Roelof Hendrik "Rob" Nanninga (6 August 1955 – 30 May 2014) was a Dutch skeptic, writer, board member of Stichting Skepsis and editor of its magazine Skepter. He became known for his critical writings about sects, alternative healers and therapists, paranormal claims and pseudoscientific trainings and courses.

Nanninga completed his Ubbo Emmius teacher education in the summer of 1980 as a high school teacher in Dutch and English. After only a month in military service he was discharged. Nanninga was a teacher for only a short time, being unable to keep order in class; his East Groningen pupils wanted no part of his Skinnerian ideas about rewarding and not punishing. He concluded educating rebellious teenagers was not for him.

In 1976, Nanninga got involved in a skeptics discussion group in Groningen via a school project of the college. He told them he knew how Uri Geller bent spoons. In the same year, the American skeptical organisation Committee for the Scientific Investigation of Claims of the Paranormal (CSICOP) was founded; its magazine Skeptical Inquirer also attracted several subscribers in the Netherlands.
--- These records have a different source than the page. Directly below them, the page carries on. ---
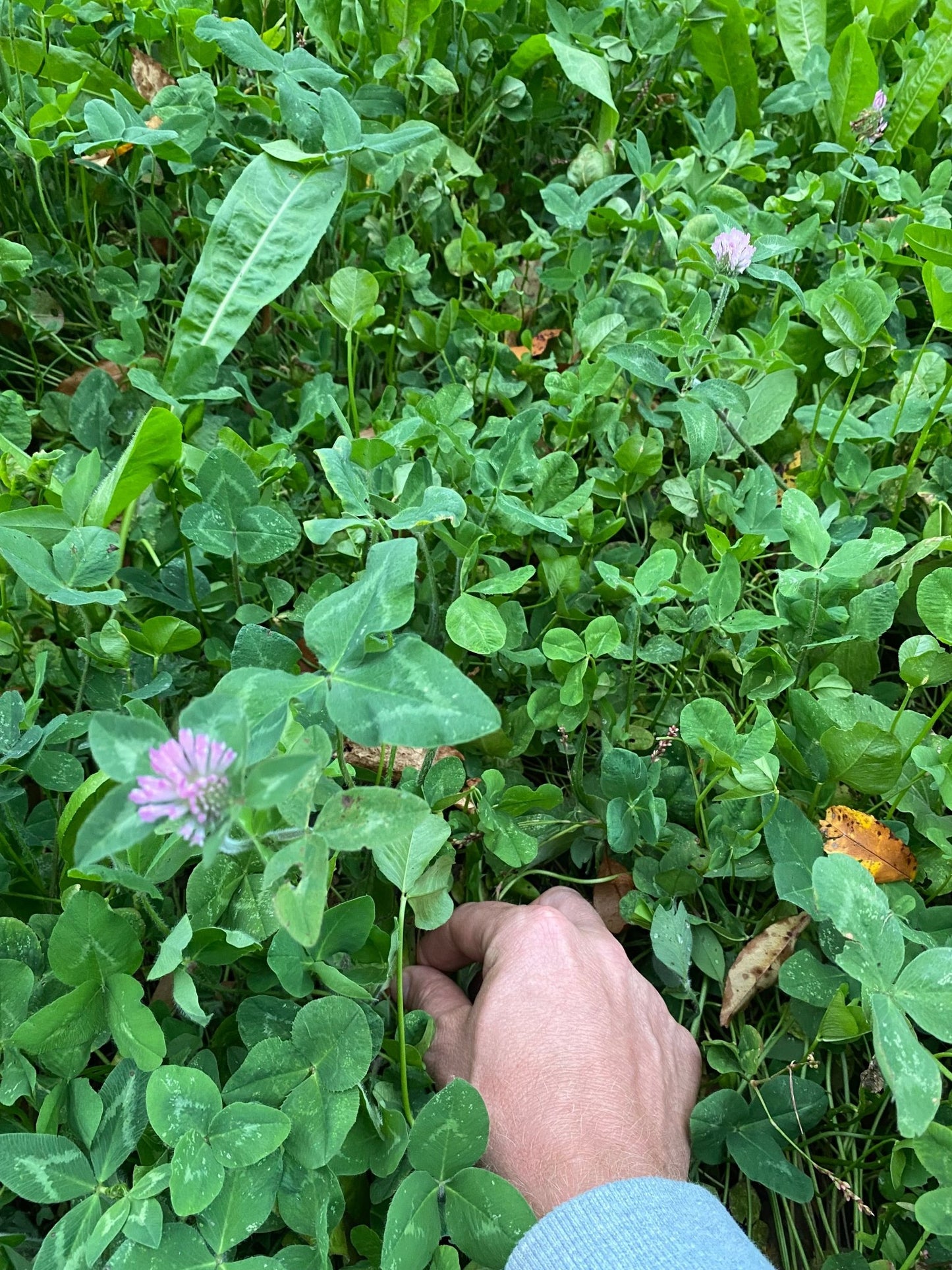 Clovers, Alfalfa, & Chicory Food Plot Mix - Hale Habitat & Seed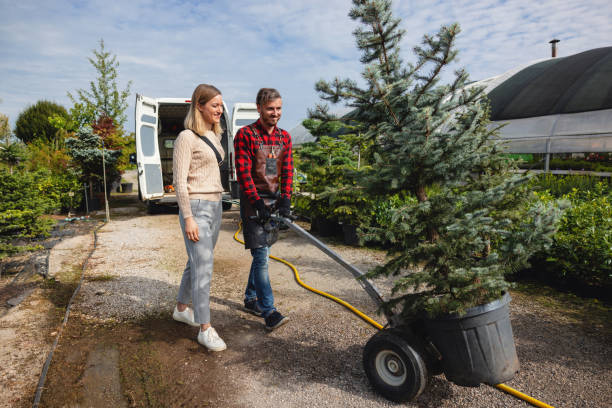 Best Aeration Services  in Moore, OK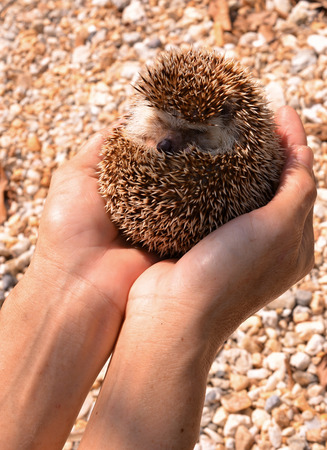 Hedgehogの写真素材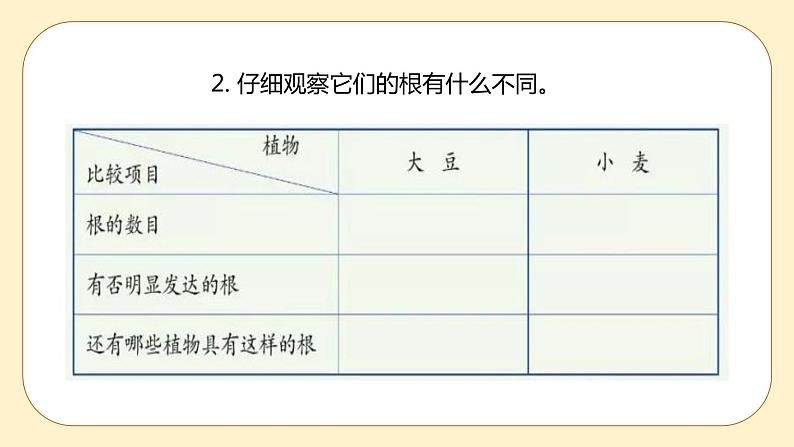 浙教版科学 八年级下册 4.3  植物的根与物质吸收 （课件+练习）04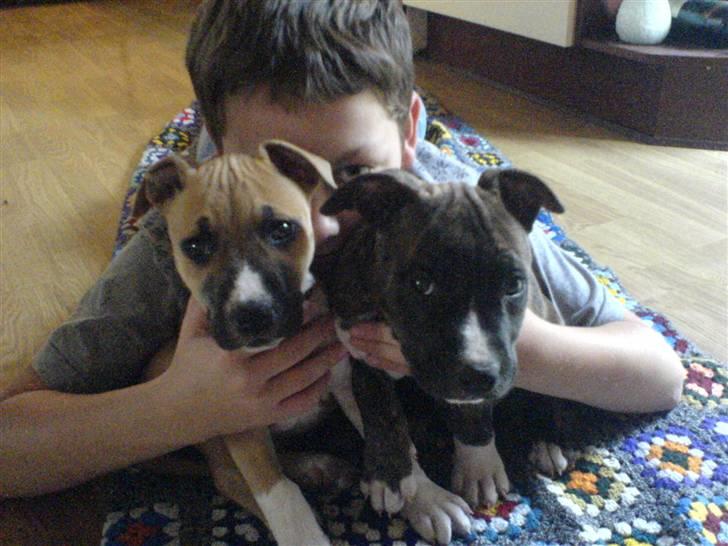 Amerikansk staffordshire terrier Ziggy billede 4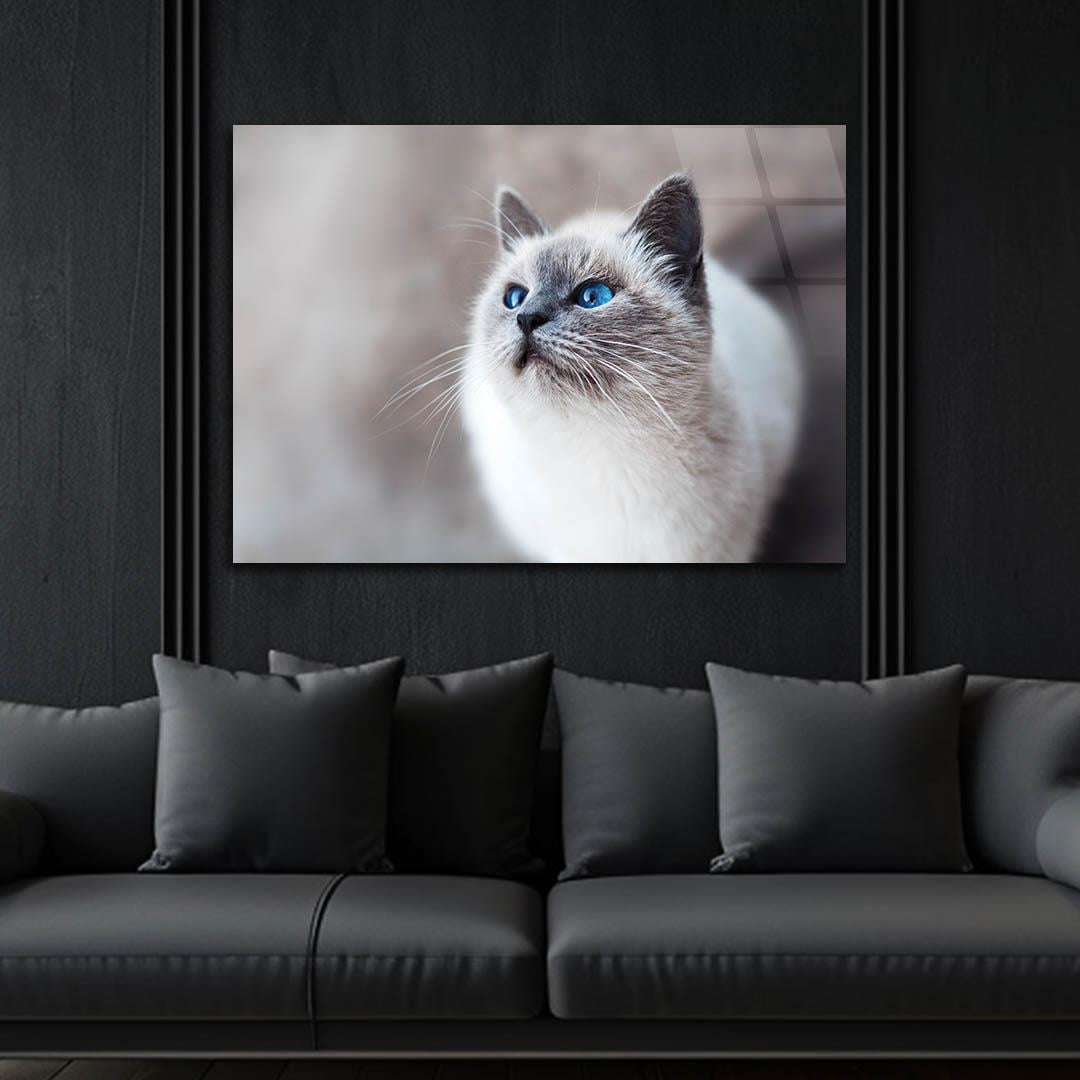 Tempered Glasss Wall Arts Art-Themed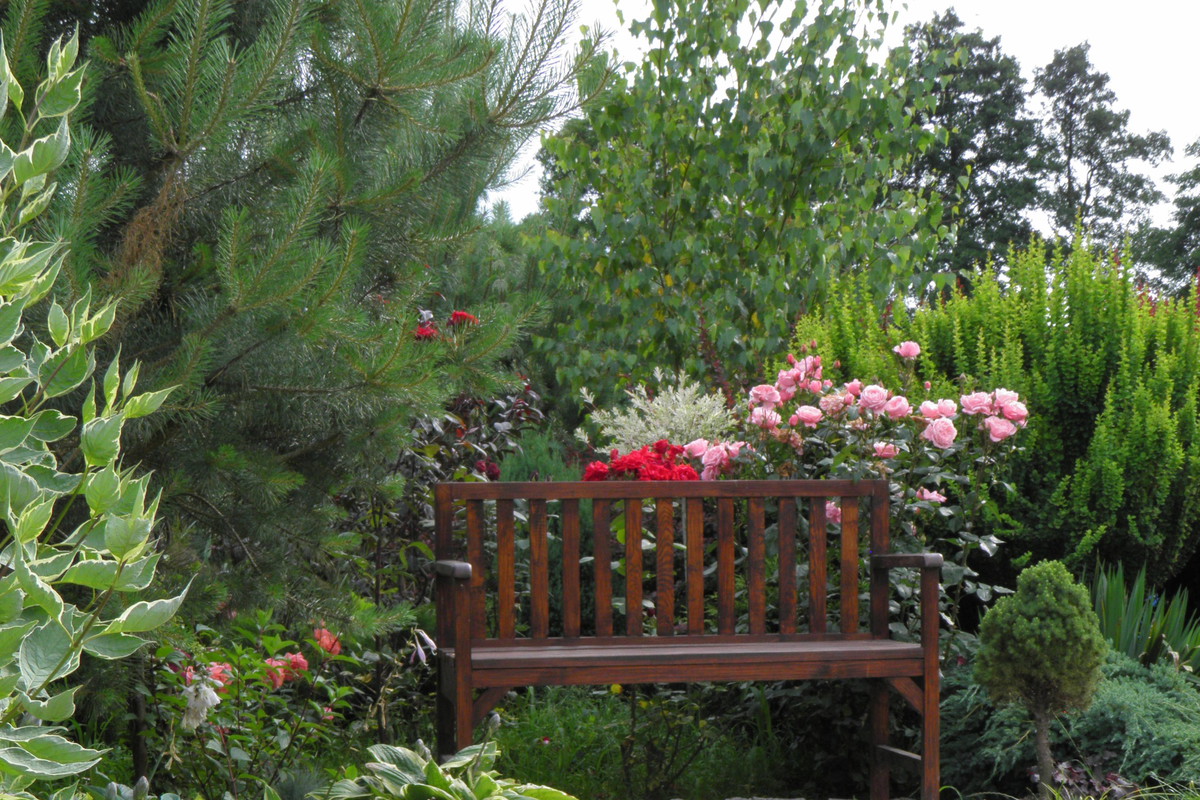 ścieżka wypoczynkowa otoczona moimi ulubionymi funkiami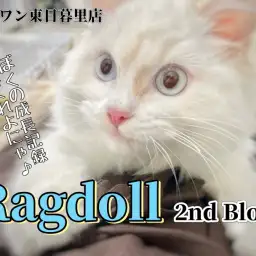 【 ラグドール 】2nd Blog まるでカプチーノなクリームポイントカラー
Around 1979 Nanninga's interest in sects grew, and he visited several of them with his working group "Opkomende religies" ("Emerging religions"). It was in this club that he met his girlfriend Jolanda Hennekam.

In the early 1980s, Nanninga performed an experiment with a Transcendental Meditation follower, who claimed to be able to make a floating jump of over a metre, starting from a meditation position and without pushing off the ground. Nanninga requested him to jump from a plywood plate that was lying on marbles onto a mattress half a metre away. The test subject, who beforehand claimed that the meditation gave him a "flying feeling", was confronted with the hard truth that one cannot push oneself off of a rolling plate.